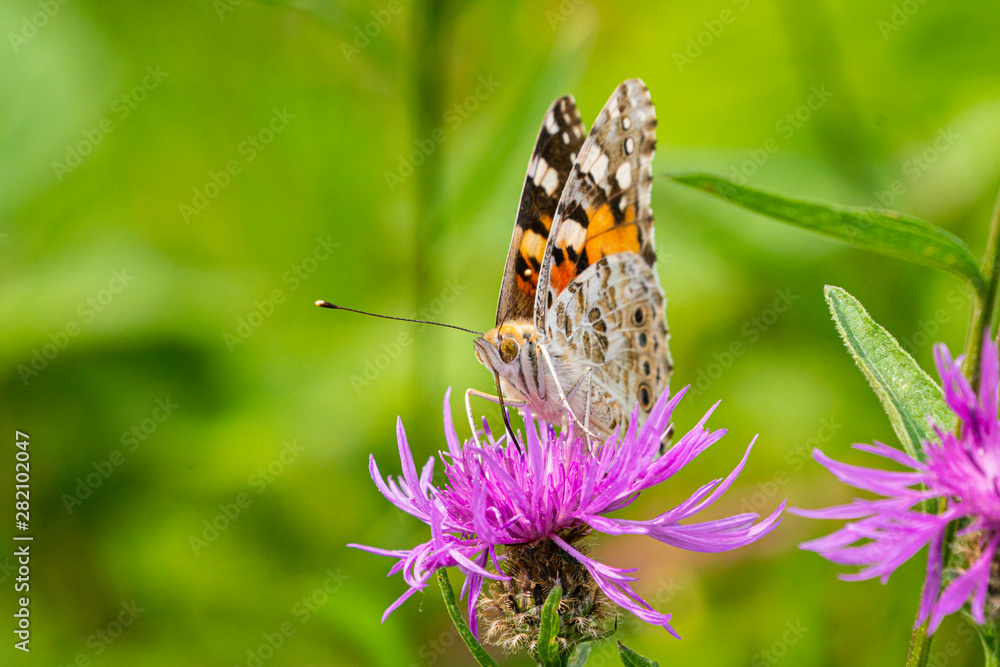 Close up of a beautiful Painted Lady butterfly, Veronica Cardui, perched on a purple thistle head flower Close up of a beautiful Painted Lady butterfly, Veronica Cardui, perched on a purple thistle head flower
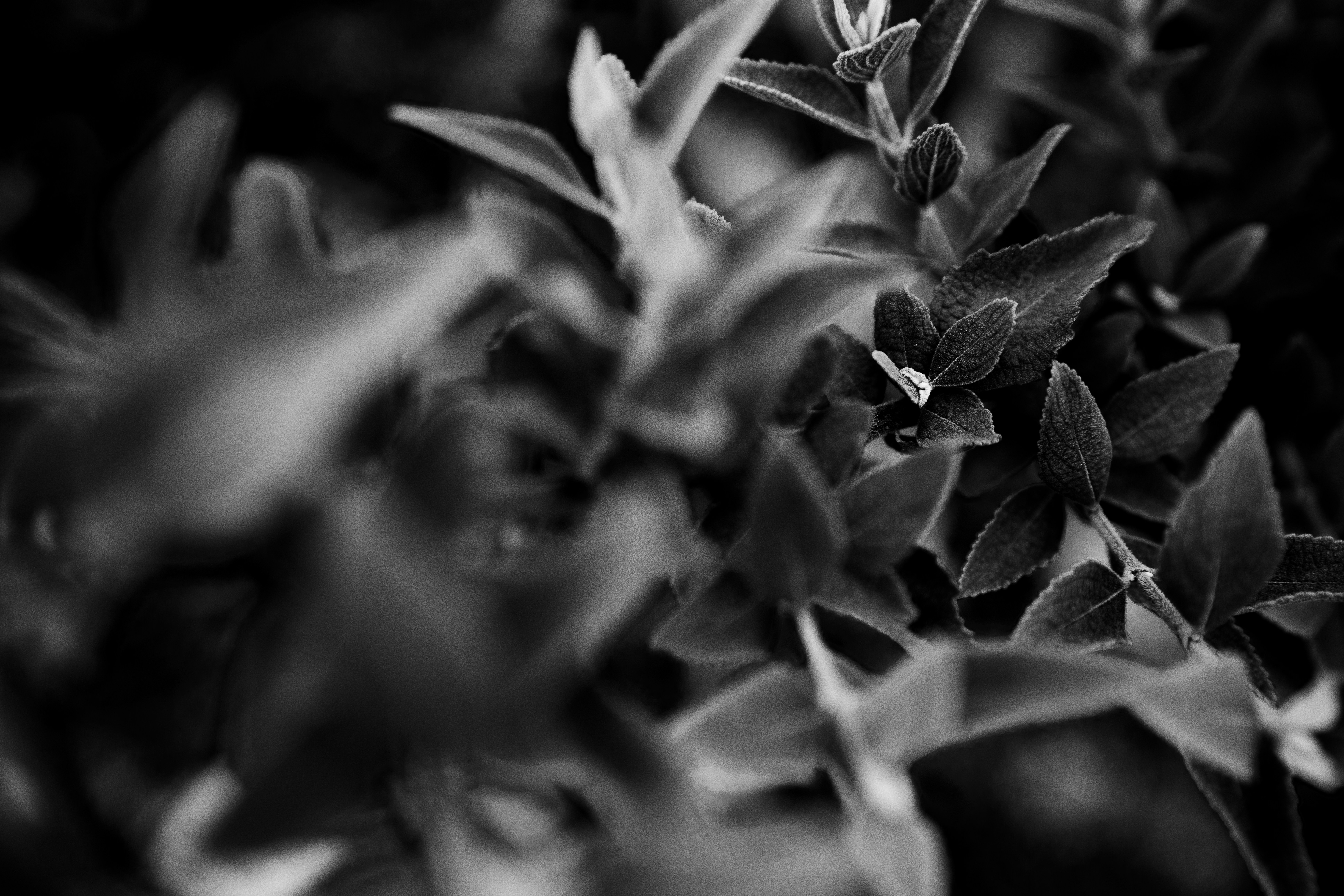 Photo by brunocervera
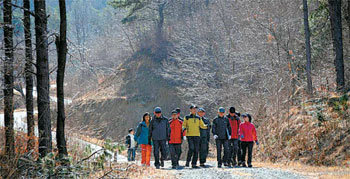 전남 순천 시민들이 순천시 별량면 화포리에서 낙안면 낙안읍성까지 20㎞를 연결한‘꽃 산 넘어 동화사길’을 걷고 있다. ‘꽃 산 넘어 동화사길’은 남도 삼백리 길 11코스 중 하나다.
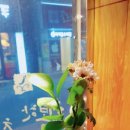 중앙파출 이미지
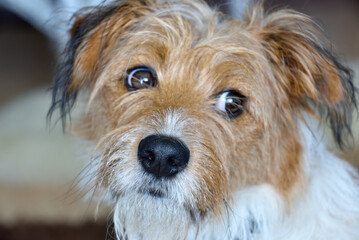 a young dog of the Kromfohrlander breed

#####

* _Exercise directions_: Give the data above back unchanged, except for the pictures.

* _Task answer_:
 Close up of a beautiful Painted Lady butterfly, Veronica Cardui, perched on a purple thistle head flower Close up of a beautiful Painted Lady butterfly, Veronica Cardui, perched on a purple thistle head flower
 Photo by brunocervera
 전남 순천 시민들이 순천시 별량면 화포리에서 낙안면 낙안읍성까지 20㎞를 연결한‘꽃 산 넘어 동화사길’을 걷고 있다. ‘꽃 산 넘어 동화사길’은 남도 삼백리 길 11코스 중 하나다.
 중앙파출 이미지
 a young dog of the Kromfohrlander breed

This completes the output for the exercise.